The Kelly Criterion is designed to ensure that you never go bankrupt because the recommended bet size decreases as your capital decreases. However, this doesn’t mean you can’t lose money. The Kelly Criterion maximises long-term growth rather than short-term returns. This means that there will be times when you lose money, but over the long run, you should come out ahead.

It’s crucial to remember that the Kelly Criterion assumes you know the true probabilities of the outcomes, which is often not the case. In practice, we’re often working with estimated probabilities, which means there’s a risk that we could, for example, overestimate our edge and bet too much. Therefore, many investors and bettors use a fraction of the Kelly Criterion (betting a fixed fraction of the amount recommended by Kelly) to reduce their risk.

Lastly, while the Kelly Criterion offers a mathematical approach to betting and investing, it doesn’t account for the emotional aspect of risking money. Remember that the goal is not just to maximise returns, but also to sleep well at night.

POTENTIAL RISKS AND LIMITATIONS

While the Kelly Criterion can be an effective strategy for maximising the growth of capital in the long run, it is not without its potential risks and limitations. These should be understood and considered before applying the formula.

Estimation Errors

The effectiveness of the Kelly Criterion hinges on the accuracy of the probabilities used in the calculation. An overestimation of the probability of winning (Pw) can lead to excessive bet sizes and the risks associated with over-betting.

Minimum Bet Size

The Kelly Criterion presupposes that there is no minimum bet size, which is rarely the case in real-world scenarios, especially in investing and trading. In situations where a minimum bet size exists, the possibility of losing all of the capital becomes a reality if the amount falls below this threshold.

Risk Tolerance

The Kelly Criterion determines bet sizes purely based on mathematical calculations to maximise long-term growth. It does not take into account the individual bettor’s or investor’s risk tolerance. An aggressive bet size recommended by the Kelly Criterion may not be psychologically comfortable for some, causing stress and potentially leading to sub-optimal decisions.
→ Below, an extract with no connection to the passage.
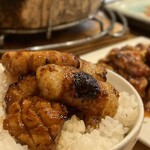 炭火焼ホルモンナカジ はなれ - 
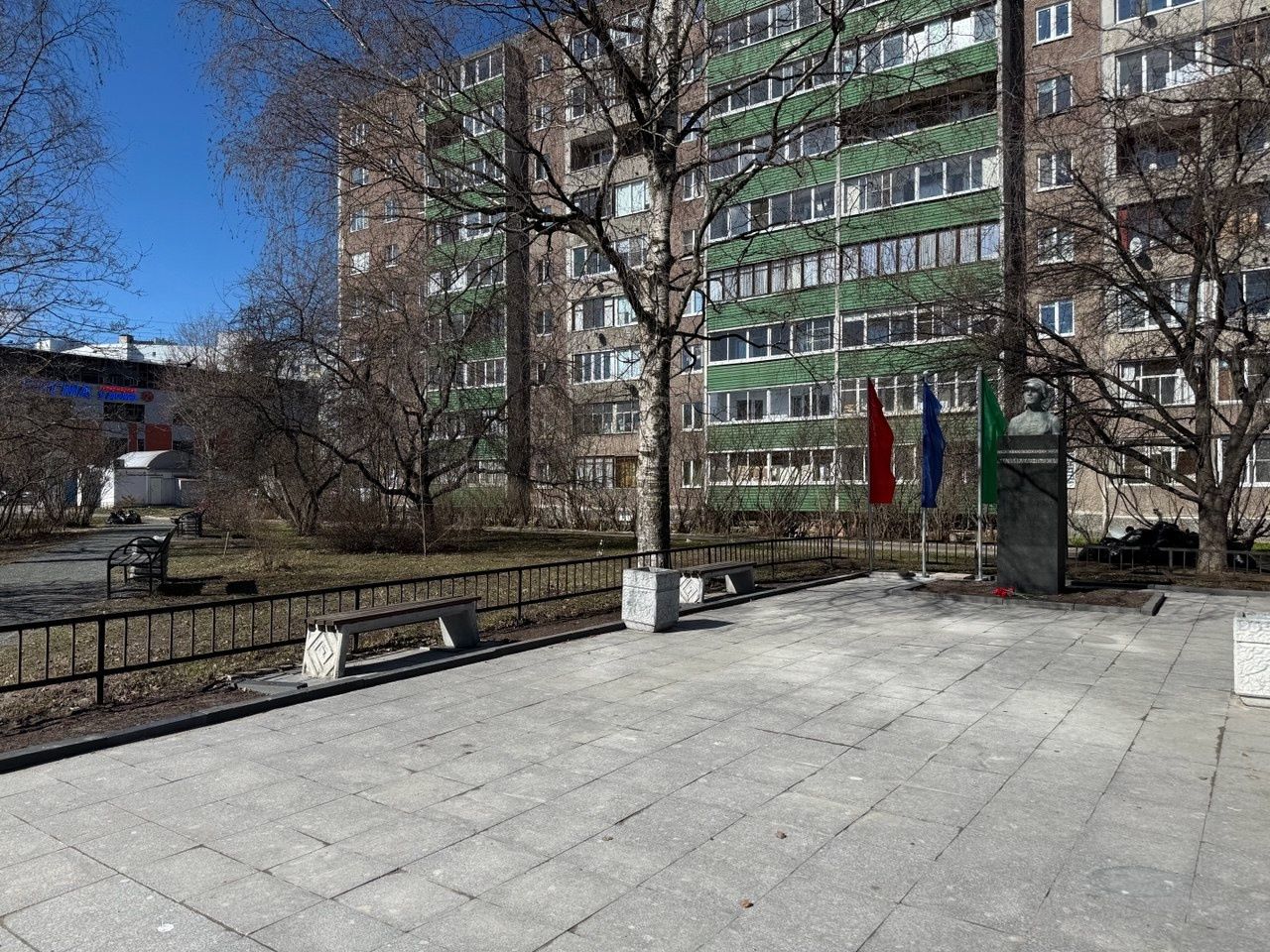 Субботник в честь Дня Победы ждет помощников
Given these potential risks and limitations, it is common for many investors and bettors to use a fractional Kelly strategy, betting a fraction (like half or a third) of the amount recommended by the Kelly formula. This approach can help mitigate the risks associated with over-betting and inaccuracies in probability estimation while still providing the benefits of proportional betting and capital growth. However, even a fractional Kelly strategy should be tailored to individual circumstances, including risk tolerance and the ability to withstand potential losses.

CONCLUSION: TAKING ADVANTAGE OF OUR EDGE

The Kelly Criterion, devised by John L. Kelly, Jr., is a unique betting strategy that uses probability and potential payout to determine the optimal bet size when the odds are in our favour. The mathematical formula suggests betting a fraction of capital equivalent to the size of one’s advantage. However, it’s crucial to account for potential errors and uncertainties that can affect the real-world implementation of this strategy.

Uncertainty in the size of any actual edge at the odds and the potential for a bumpy ride due to volatility mean that we should always exercise caution. As a result, unless we’re prepared for potential high volatility and have unwavering confidence in our judgment, adopting a fractional Kelly strategy might be the most prudent approach. This strategy allows us to stake a defined fraction of the recommended Kelly amount, reducing risk while still taking advantage of our edge.